This post originally appeared on CSRWire.com
The world is changing rapidly and new demands face business leaders to deal with the planet and environment more sustainably, to deal with the numerous societies their organisations operate in more equitably and with greater cultural understanding, and to be more open, transparent and responsible with respect to their stakeholders. Recent events such as the credit and banking crisis alongside a seemingly regular stream of corporate scandals have led to renewed debate as to the legitimate nature and purpose of business in society. However It is also important to recognise that business represents the predominant productive resource of the economy providing financial and human resources, infrastructure, innovation and technology: thus sustainable development cannot be achieved without the support of business.
Many are now calling for a new approach from the people who manage and run businesses away from the profit orientated exploitative business practices of the past, towards a new model of ‘responsible management’. Accordingly attention has turned to whether current management education is adequate to equip and develop future leaders with the requisite skills to meet changing business and societal demands. This, coupled with the fact that business school education continues to grow in popularity amongst both undergraduate and postgraduate students, has put pressure on higher education institutions to ensure that graduates leave with the skills, knowledge and values associated with responsible management.
As business re-examines its role in society, business schools must also examine their contribution and thus the range and depth of responsible management topics within the teaching curricula. Despite much research activity in topics such as business ethics and corporate social responsibility and increasing interest in responsible management education driven by initiatives such as the United Nations Principles for Responsible Management Education (UN PRME), holistic integration of such issues into undergraduate business school curricula remains rare. This is why many business schools are undertaking programmes to realign their curriculum, research and engagement activities around the core concept of responsible management and increase the range and depth of responsible management topics.
My own developing contribution to this agenda is the Responsible Management Curriculum Tree, a conceptual framework which seeks to set out a blueprint for business school curriculum design that integrates learning, teaching and assessment strategies that engage students of all disciplines with the PRME and responsible management agenda. The framework is built on the premise that sustainability and responsible management topics can function to build a bridge across disciplines and integrate the business curriculum as a whole by promoting holistic understanding and systemic thinking. The curriculum tree seeks to operationalise and embed the PRME and UN Global Compact principles into undergraduate business curricula as it is at this level that student numbers are increasing rapidly and thus a greater number of students may be reached than at postgraduate level.
The key to the framework is that it seeks to integrate with and complement existing curriculum structures that have evolved within business schools over many years. The analogy of the tree is useful and it provides multiple metaphor for explaining the relationships between business and society, whilst allowing for the articulation of core concepts and addressing discipline specific issues.
The framework is broken down into four main levels which represent elements of the tree: the Roots, Trunk, Branches and Leaves. The roots of the curriculum tree represent grounding, impact, history and connectivity. It is here that the role of business in society can be articulated and critiqued. Here the dominant shareholder value perspective held by many students arriving in the business school is challenged. They are exposed to a range of different perspectives and encouraged to think critically about the relationship between business and society. Here the prevailing context is why business exists, as well as why are the challenges that society faces relevant to business and the role of business in creating, but also solving these problems.
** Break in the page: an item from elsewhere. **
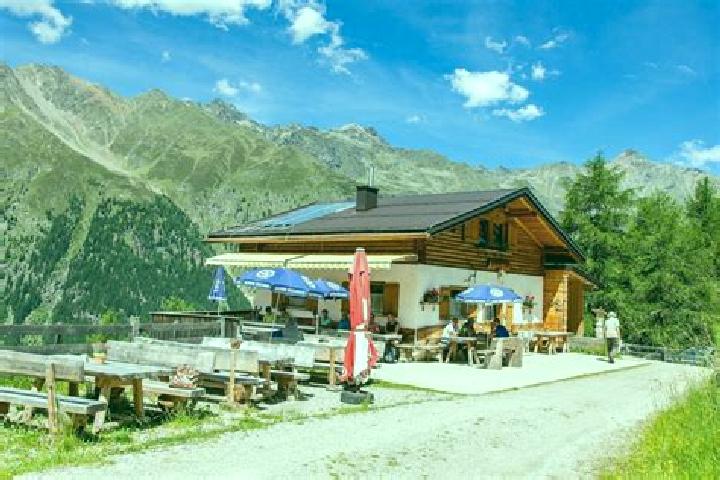 Escorts Arzl im Pitztal, Austria — Local Companions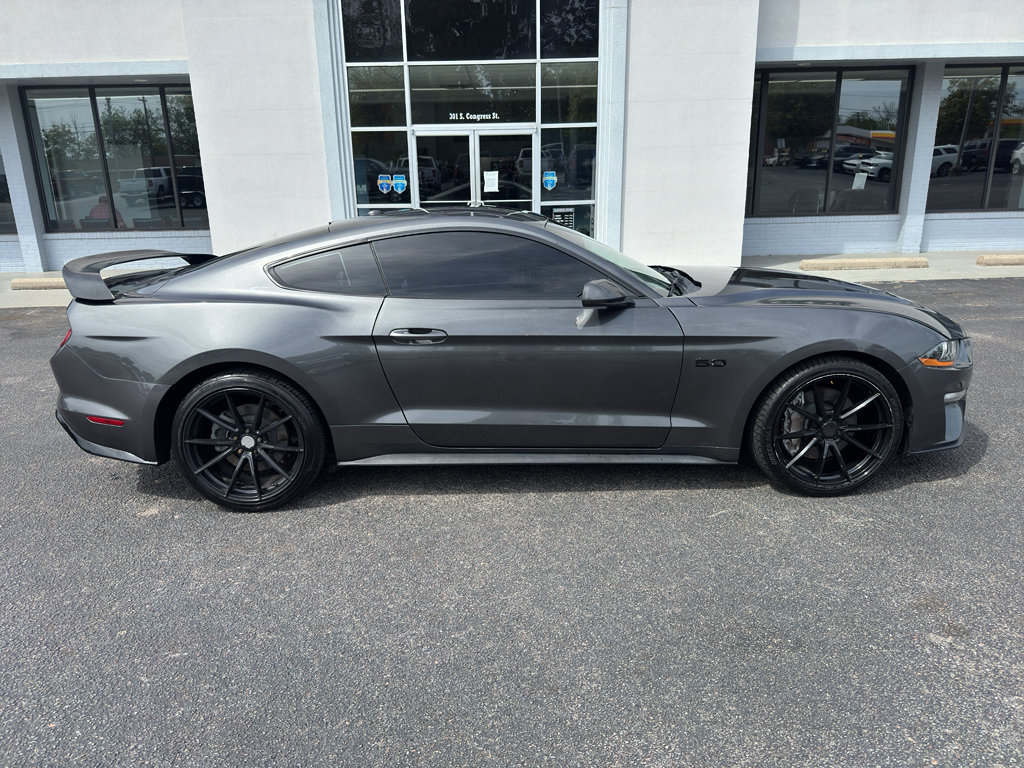 Used 2019 Ford Mustang GT image 2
The Trunk represents core concepts, strength, dependability and theory. Here the principles and norms of business can be examined and critiqued. The focus is on what business does, how it operates, the functional hard and soft skills that managers and leaders require day to day. Students are challenged to articulate what responsible management looks like across a range of business and management job roles, functions and departments. For example, what is the role of the Human Resources Department of an organisation from a responsible management perspective?
The branches of the tree allow for range and breadth, the exploration of multiple pathways, and discipline specific issues. Here the focus may be on how do, and how should business disciplines and functions deal with responsible management. For example, how are material sustainability risks identified, examined and addressed in business Strategy or Operations. Students are challenged to design strategic responses to a range of sustainability and societal challenges.
Finally the leaves of the tree represent innovation, new opportunity and future developments. Here the focus is on where are the opportunities for business and where will business sit in relation to society in the future. Students can be challenged to imagine new business models for sustainable development, responsible innovation pathways and social business.
I am not suggesting that this concept is perfect and can solve the problem of integrating sustainability issues into business school programmes, and it represents a work in progress, however we desperately need innovative solutions and new approaches to inspire a new generation of business leaders to solve some of the problems that current and past generations have left for them.